Although exhilarated by F1’s new 2019 aerodynamic rules, Mercedes’ James Allison says there is always the worry about dropping the ball and getting it wrong.
Formula 1 has introduced new aerodynamic regulations for this year’s championship, with the main changes relating to the wings.
The 2019 cars’ front wings will be wider, higher and simpler while the rear wing also higher and wider to create a bigger slipstream for the car behind.
There are also simpler endplates while the bargeboards have also undergone changes.
“Regulation changes are both opportunity and threat,” Mercedes technical director Allison said at the unveiling of Mercedes’ 2019 car, the W10.
“They are an opportunity because all the old assumptions about what you need to have to be quick are swept away and, if you are fleet of foot and smart in dealing with that, you can do better than all the other teams that are tackling the same change.
“They are a threat because if you are not as smart and you didn’t see how to make the most of these new regulations, then you’ll certainly suffer in the coming season.
“But they are always exhilarating because you have that sharp sense of anxiety that you might not be doing enough but equally the thrill and excitement of looking forward to finding out.”
— Mercedes-AMG F1 (@MercedesAMGF1) February 13, 2019
The team has also worked to eradicate the W10’s predecessor’s weakness while building on its strengths.
The team is hoping that the new car will work better with its Pirellis, something they struggled with at times in 2018.
“The handling of the W09 was a big improvement over the rather idiosyncratic W08,” said Allison. “We managed to be competitive at tracks which had plagued us in recent years.
“However, notwithstanding this improvement, we were still not as good as some of our competitors at preserving the performance of the rear tyres.
“We have worked hard on the suspension and aerodynamic characteristics to deliver a car that will be much kinder to its tyres – enough, we hope, to allow us to be competitive at all phases of the race and at each track on the calendar.
“Even though the minimum weight limit was lifted by 10kg for 2019, weight reduction remains a real challenge on the current generation of F1 cars.
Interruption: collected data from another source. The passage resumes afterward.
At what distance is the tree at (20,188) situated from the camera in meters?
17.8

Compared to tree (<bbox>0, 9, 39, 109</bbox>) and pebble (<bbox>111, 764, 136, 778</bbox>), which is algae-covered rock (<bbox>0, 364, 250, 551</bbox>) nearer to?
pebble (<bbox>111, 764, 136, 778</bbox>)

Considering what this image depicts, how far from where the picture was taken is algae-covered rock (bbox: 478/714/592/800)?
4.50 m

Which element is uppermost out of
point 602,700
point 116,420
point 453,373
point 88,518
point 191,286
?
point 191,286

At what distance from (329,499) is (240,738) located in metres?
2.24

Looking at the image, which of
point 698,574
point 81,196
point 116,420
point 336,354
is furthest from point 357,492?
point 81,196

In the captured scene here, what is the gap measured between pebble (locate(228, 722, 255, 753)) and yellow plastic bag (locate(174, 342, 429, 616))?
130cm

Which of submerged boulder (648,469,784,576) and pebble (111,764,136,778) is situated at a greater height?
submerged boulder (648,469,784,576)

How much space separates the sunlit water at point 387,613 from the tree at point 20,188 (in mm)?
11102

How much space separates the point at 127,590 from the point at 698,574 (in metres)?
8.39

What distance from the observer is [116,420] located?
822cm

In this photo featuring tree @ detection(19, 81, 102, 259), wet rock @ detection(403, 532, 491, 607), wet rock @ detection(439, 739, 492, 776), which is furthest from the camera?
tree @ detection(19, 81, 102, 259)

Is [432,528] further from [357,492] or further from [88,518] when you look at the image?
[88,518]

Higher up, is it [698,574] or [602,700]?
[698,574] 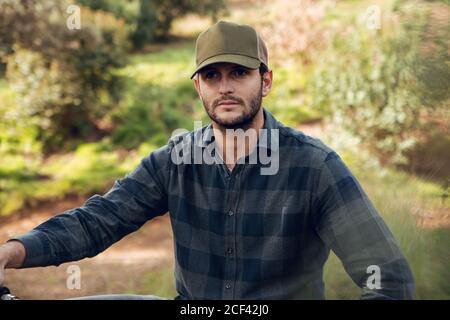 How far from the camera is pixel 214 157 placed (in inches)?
81.3

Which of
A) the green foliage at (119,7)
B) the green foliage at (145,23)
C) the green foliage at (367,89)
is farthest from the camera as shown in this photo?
the green foliage at (145,23)

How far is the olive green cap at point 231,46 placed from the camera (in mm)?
1918

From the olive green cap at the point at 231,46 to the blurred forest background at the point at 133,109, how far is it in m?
0.99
Components that we felt were stripped to the bone in 2018 have been taken, one by one, and subjected to a further round of aggressive analysis to shave further weight from them.
“Some components surrender what feels like a giant step of half a kilo, others just a few grams, but collectively each of these victories add up to a handful of kilos that have been invested back in the car on aerodynamics, suspension and Power Unit to bring performance.”